Reformulations of Basic Problems
Last time, we briefly mentioned the issues with state augmentation to deal with reformulations to the basic problem. In this post, we'll go into a bit more detail about how to deal with such reformulations
As a general rule of thumb, when we augment state, we want to include at time \(k\) all the information known to the DDS at the time into the state variable at time \(k\).
Time Delays
Consider the situation in which the DDS is no longer Markovian, i.e., \(x_{k+1}\) depends on \(x_0,\ldots,x_k\) and \(u_0,\ldots,u_k\). This is essentially impossible to handle in an open loop basic problem without sacrificing the dynamic programming algorithm, but we can use state augmentation to reformulate the basic problem in the closed case. Let
$$\tilde{x_k}=(x_0,\ldots,x_k,u_0,\ldots,u_{k-1})$$Thus, we've reformulated the problem into a standard closed loop basic problem over states \(\tilde{x_k}\). This of course didn't come without a steep cost. The state space has increased from \(S\) to at most \(S^{2k}\).

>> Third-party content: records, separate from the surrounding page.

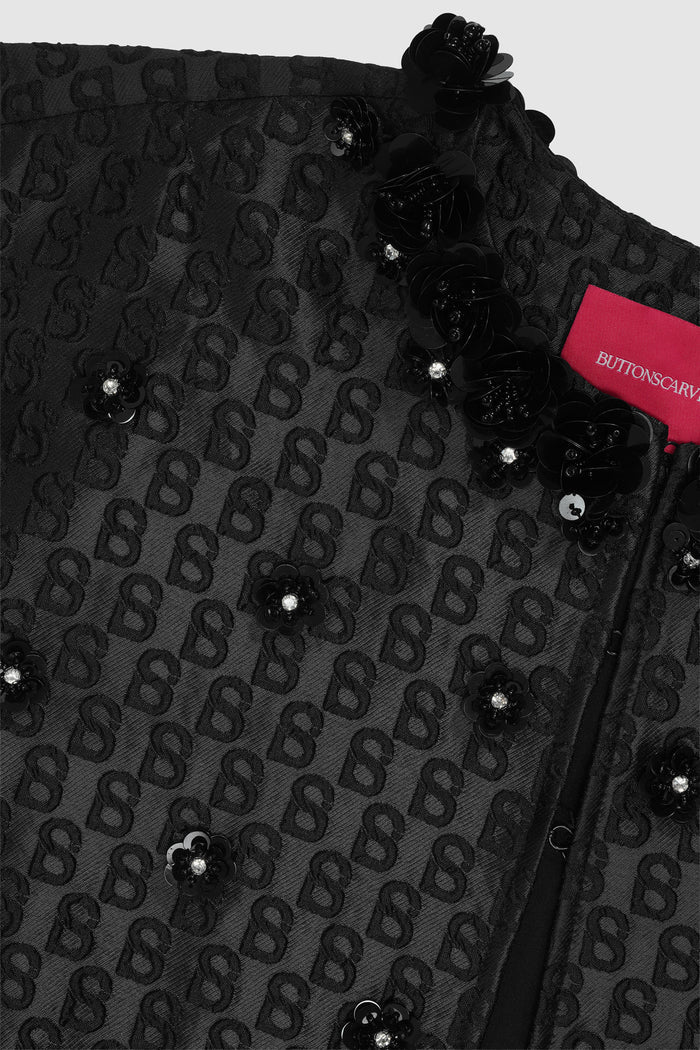 Signature Jacquard Beaded Outer - Eclipse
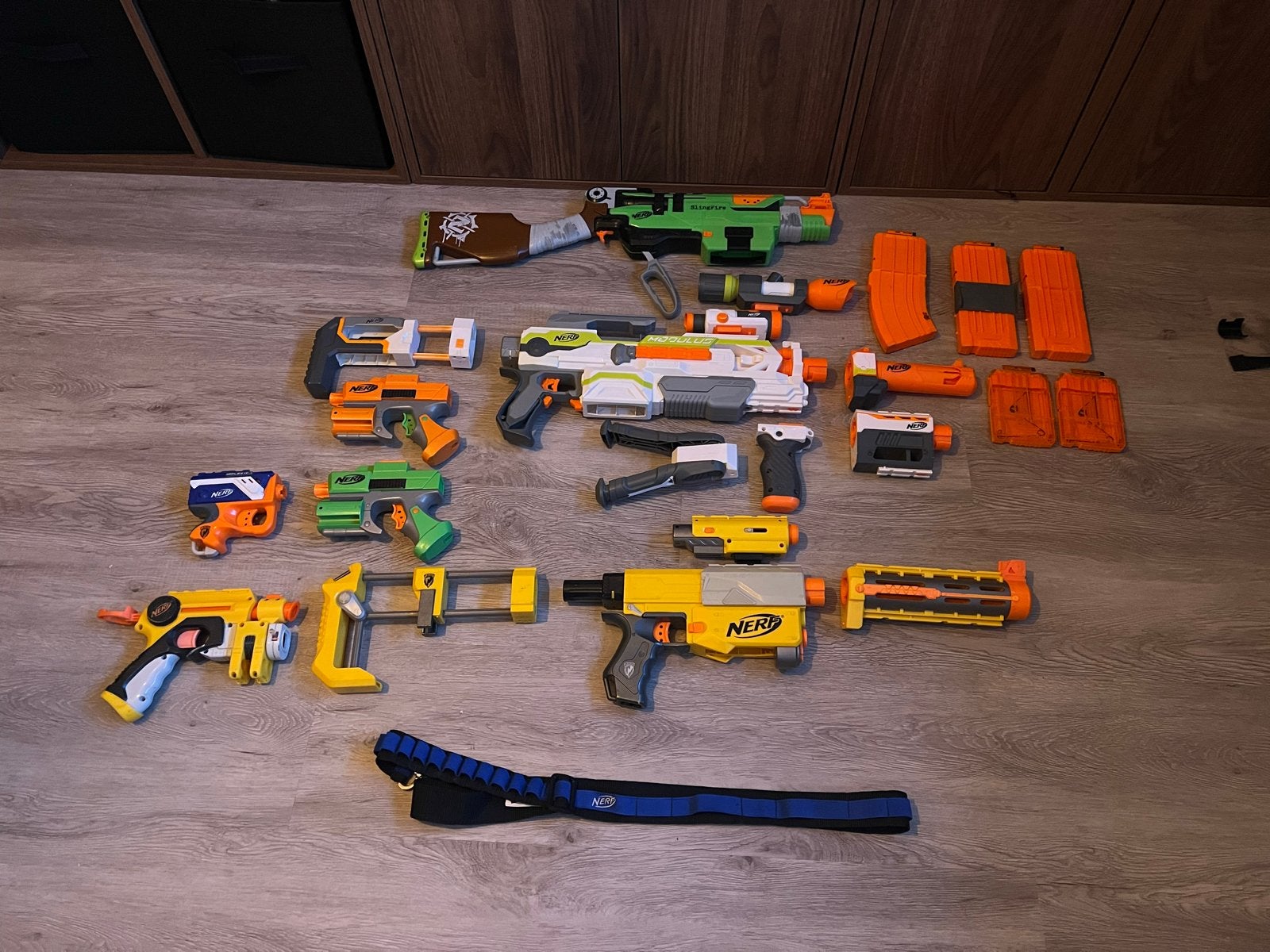 Grote Nerf Blaster Collectie - Modulus, Slingfire, Reflex, Ophalen of Verzenden, Gebruikt, Jongen of Meisje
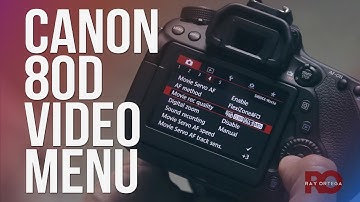 Canon 80D Settings for High Quality DSLR Video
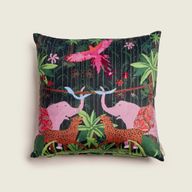 Pink Jungle - Velvet Cushion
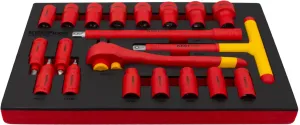 KROFTOOLS MODULO 026Pcs CHAVES CAIXA 1/2 ROQUETE 8360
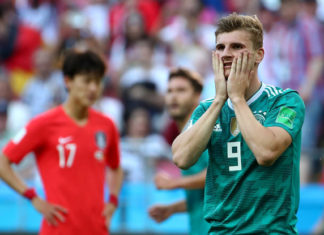 Đội tuyển Đức bị loại sau trận thua Hàn Quốc 0-2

For this reason, we often consider partially Markovian models, i.e., models in which \(x_{k+1}\) depends on \(x_{k-i},\ldots,x_k\), \(u_{k-i},\ldots,u_k\) for some manageable \(i\), so that the state space increases to at most \(S^{2i}\) instead. We call this a time delay of \(i\)
Correlated Disturbances
Consider the modification to the DDS model in which \(w_k\) now can depend on previous \(w_i\), i.e., the disturbances are correlated. There is no good way to handle this situation in general, but if we make the assumption that each \(w_k\) can be written as follows (with \(\lambda\) a constant and \(\eta_k\) independent random variables)$$w_k=\lambda w_{k-1}+\eta_k$$
We can modify the problem into a basic problem. In fact, it's as simple as letting \(\tilde x_k=(x_k,w_k)\). See if you can figure out all of the details involved in converting this setup into a basic problem. This can even be generalized to multiple dimensions with matrix coefficients.
Besides the state space growth (which in this case isn't too bad), the main issue with this approach is the assumption of perfect state knowledge. To be able to run our algorithm, we need to be able to perfectly measure the randomness and previous \(x_k\) state of the DDS in generating the state \(x_{k+1}\). But often, we can't do either, since \(w_k\) is generally an uncertainty on our measurement of \(x_k\). To deal with these sorts of situations, we'll have to wait until Chapter 4.
Forecasts
Suppose that we no longer are given the probability distribution \(P_k\), but rather are told that we now have a set of probability distributions \(Q_k\) (a finite set), and there exists a probability distribution \(\zeta_k\) on \(Q\) representing the likelihood of a particular distribution in \(Q\) being the one that determines the disturbance.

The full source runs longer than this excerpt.